The Infiltrator is a 2016 American biographical crime film directed by Brad Furman and written by his mother Ellen Brown Furman. The film is based on the eponymous autobiography by Robert Mazur, a U.S. Customs special agent, who in the 1980s helped bust Pablo Escobar's money-laundering organization by going undercover as a corrupt businessman. The film stars Bryan Cranston as Mazur, with Diane Kruger, Benjamin Bratt, John Leguizamo, Saïd Taghmaoui, Joe Gilgun  and Amy Ryan in supporting roles. 

Filming began on February 23, 2015, in London.
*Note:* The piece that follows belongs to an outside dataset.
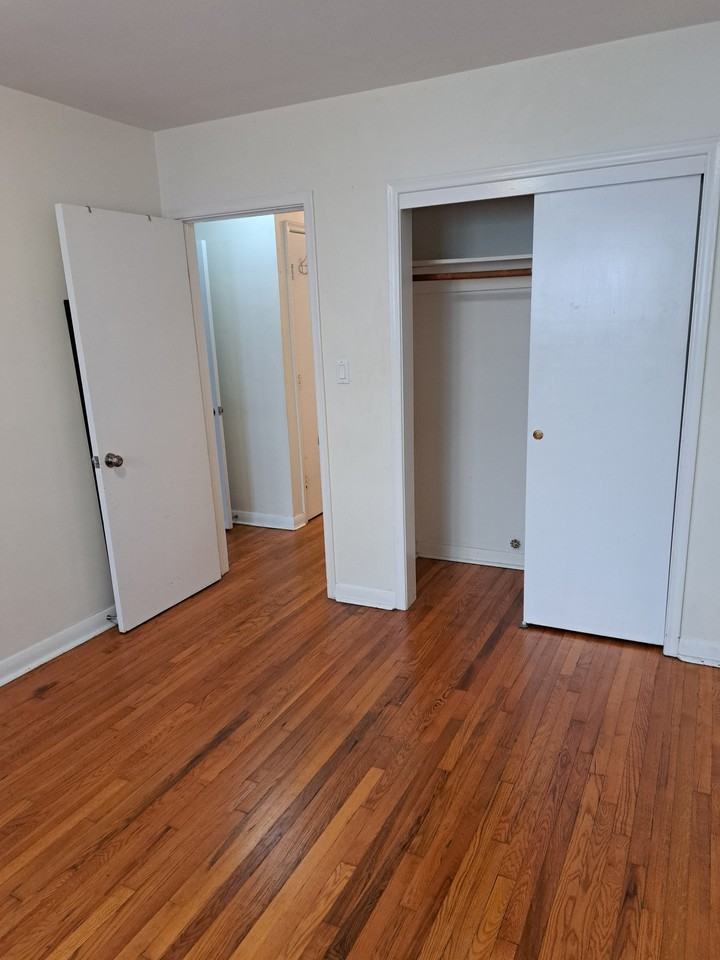 Dufferin St & Wilson Ave #2 - Photo 4 of 8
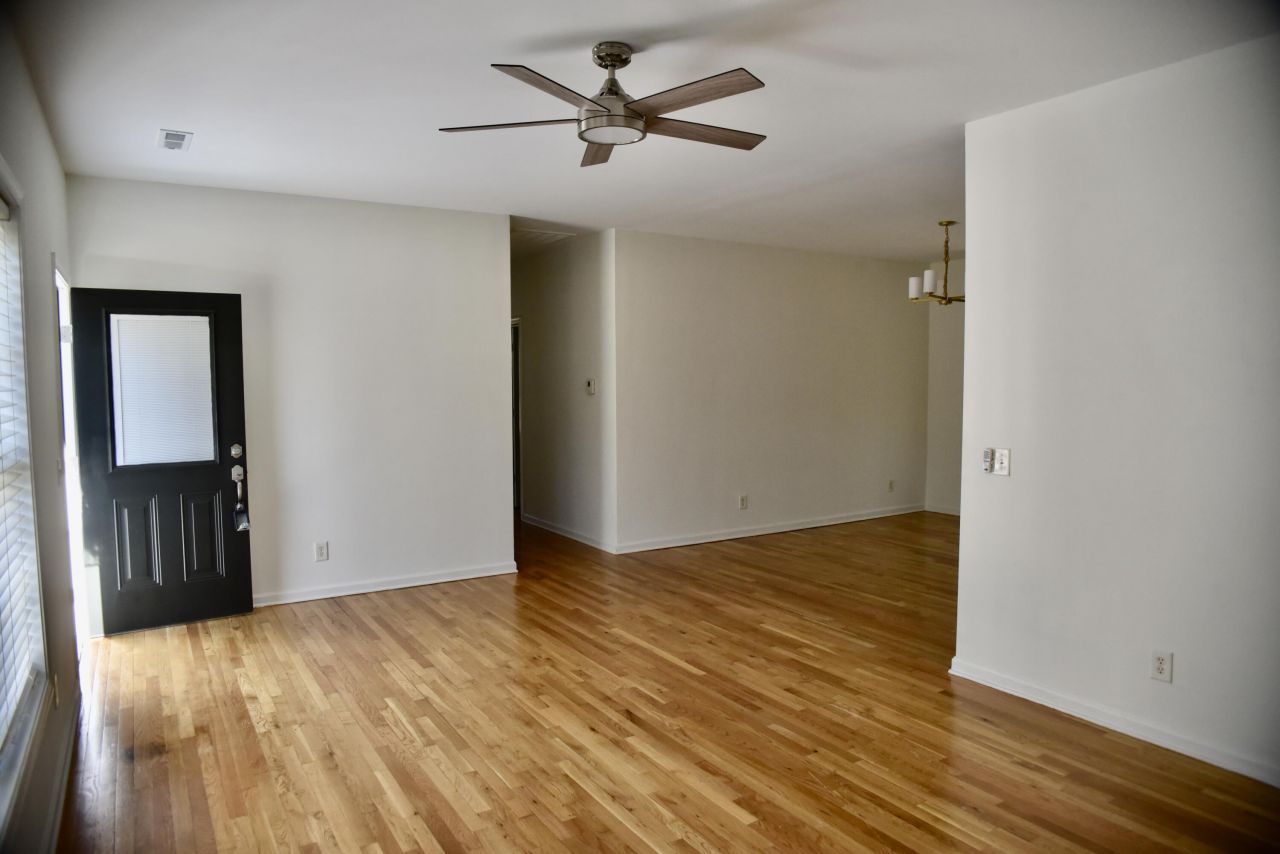 830 Jordan Street Photo 6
Both Mazur and Cranston received executive producer credits. The film premiered at the Tampa Theatre on July 6, 2016 and was released the following week in theaters. The film received a generally positive response from critics, but a poor response from audiences, as it grossed $22 million against a budget of between $28 and $47 million.

Plot

During the 1980s, U.S. Customs Service special agent Robert Mazur uses his undercover alias "Bob Musella" to become a pivotal player for drug lords laundering their dirty cash. Later, he infiltrates the world's largest cartel, and helps expose the money-laundering organization of drug lord Pablo Escobar and take down the Bank of Credit and Commerce International (BCCI), which had secretly taken illegal ownership of First American Bankshares in Washington, D.C.

Cast
 Bryan Cranston as US Customs Special Agent Robert Mazur / Bob Musella
 Diane Kruger as Kathy Ertz
 John Leguizamo as Emir Abreu
 Benjamin Bratt as Roberto Alcaino
 Amy Ryan as Bonni Tischler
 Jason Isaacs as Mark Jackowski
 Joe Gilgun as Dominic
 Daniel Mays as Frankie
 Yul Vazquez as Javier Ospina
 Simón Andreu as Gonzalo Mora Sr.
 Rubén Ochandiano as Gonzalo Mora Jr.
 Juliet Aubrey as Evelyn Mazur
 Olympia Dukakis as Aunt Vicky
 Saïd Taghmaoui as Amjad Awan
 Tom Vaughan-Lawlor as Steve Cook
 Elena Anaya as Gloria Alcaino
 Dinita Gohil as Farhana Awan
 Carsten Hayes as Rudy Armbrecht
 Juan Cely as The Informant
 Andy Beckwith as Joe
 Michael Paré as Barry Seal
 Mark Holden as Eric Wellman

Production 
The project was first announced by The Hollywood Reporter on October 8, 2014, with Brad Furman as director and Bryan Cranston as Robert Mazur; Miriam Segal produced the film for her Good Films banner along with George Films. Relativity International was announced to sell the film to foreign distributors at the American Film Market. On February 13, 2015, Diane Kruger was chosen to star for the unspecified female lead role. Benjamin Bratt was selected to star in the film as Roberto Alcaino, the agent's contact who dealt directly with cartel board members, including Escobar. On March 10, 2015, additional cast members were chosen, including John Leguizamo, Amy Ryan, Olympia Dukakis, Elena Anaya, and Juliet Aubrey. Broad Green Pictures acquired the US rights to the film on May 21, 2015.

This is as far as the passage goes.